You know you’ve seen a good film when you start to ponder how it fits in the pantheon of great films let alone how it fits among other great films in its genre. Black Panther left me pondering just how director Ryan Coogler co-wrote this film with Joe Robert Cole and managed to pull it off. It not only stands out amongst the Marvel films as one of the best heroic journeys, but it stands out as one of the most satisfying action films in a long time.
The scope of this film is impressive, ticking off many boxes and accomplishing so much. It not only utilizes time effectively (with an opening flashback), but also establishes a hidden nation, a culture of a people, the powers of a superhero, and a deeper meaning of doing the right thing for not just your family but your neighbor. It’s easy to remember a film like Iron Man and think of it fondly as it established a hero’s personal journey, but here Coogler has done that and more by establishing Wakanda.

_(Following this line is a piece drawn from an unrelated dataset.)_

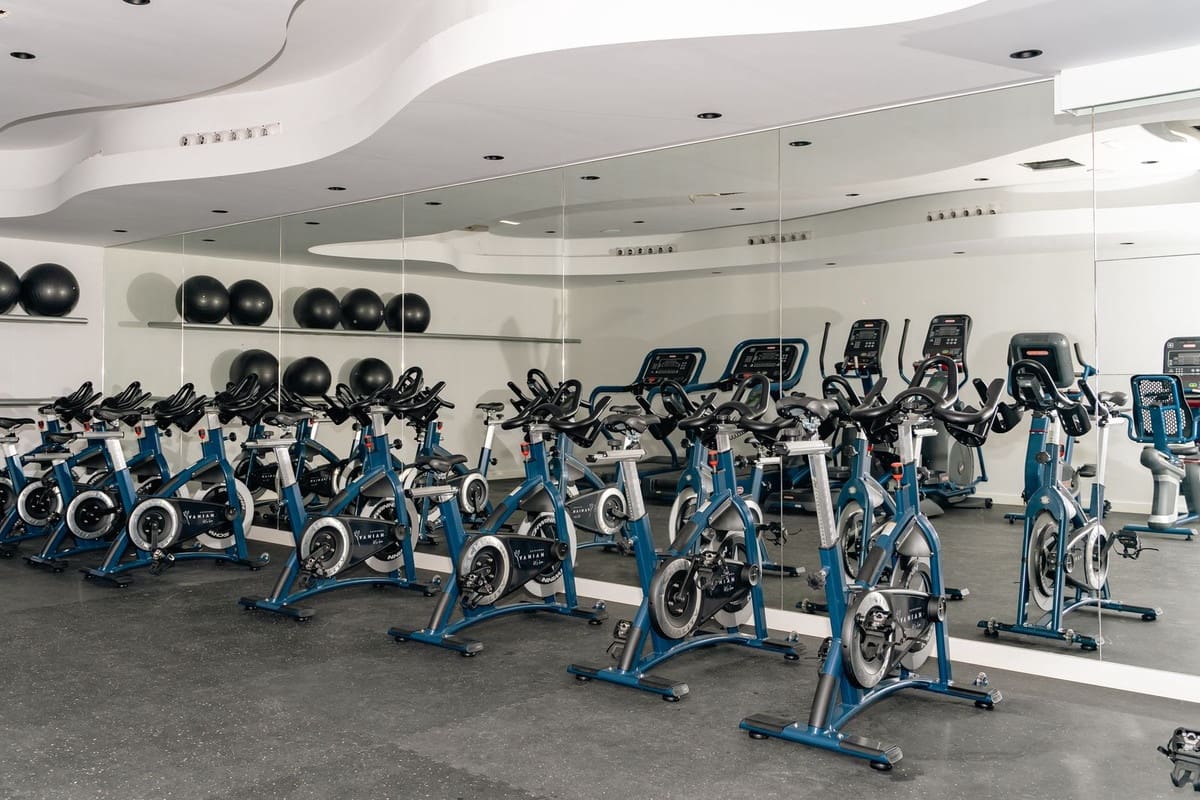 4 camera da letto Attico da affitare come casa vacanza in Estepona con piscina garage - 2.100 € (Rif: 8969331)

With Wakanda comes an explanation for its peoples’ many technological feats, a spiritual realm for kings, and a believable explanation as to why a world full of high-tech spy organizations and superheroes does not know of this country until now.
What does it mean to be a king.
Black Panther is dense and expertly paced. There doesn’t seem to be a wasted scene or anything erroneous (unless of course, a little mindless action isn’t to your tastes). It effectively juggles different genres be it the action film (heroes fighting villains), war film (a big battle ends the film), spy films (a covert mission in Korea), and a family drama.

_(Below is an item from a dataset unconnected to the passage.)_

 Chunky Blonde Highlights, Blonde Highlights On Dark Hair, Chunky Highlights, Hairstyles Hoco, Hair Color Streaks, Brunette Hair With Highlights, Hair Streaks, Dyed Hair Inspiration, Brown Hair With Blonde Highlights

I couldn’t believe how many characters felt fleshed out and well written. Typically with superhero films, the main character gets all the screen time and the supporting characters add to the hero’s characterization and not much more. Not so here, especially when it comes to the women who surround T’Challa AKA Black Panther (played by Chadwick Boseman). Danai Gurira plays Black Panther’s general Okoye, who watches over him but isn’t afraid to push his buttons. Lupita Nyong’o plays the love interest Nakia, but she’s so much more — not only kicking ass at the end of the film but inspiring Black Panther to be better. T’Challa’s sister Shuri is played by Letitia Wright who ends up being a genius scientist and technician who creates wondrous gadgets for she and others to use throughout the film. Surprisingly Everett Ross (played by Martin Freeman) has a large role in the film as part comedic relief and part outsider looking in. By the end of the film his character is much better fleshed out than he was in Civil War and there’s an interesting bond he shares with T’Challa. There are many more supporting characters that were great in this film I didn’t mention, but again, it’s due to their acting, great writing, and well-paced moments that allows so many characters to shine.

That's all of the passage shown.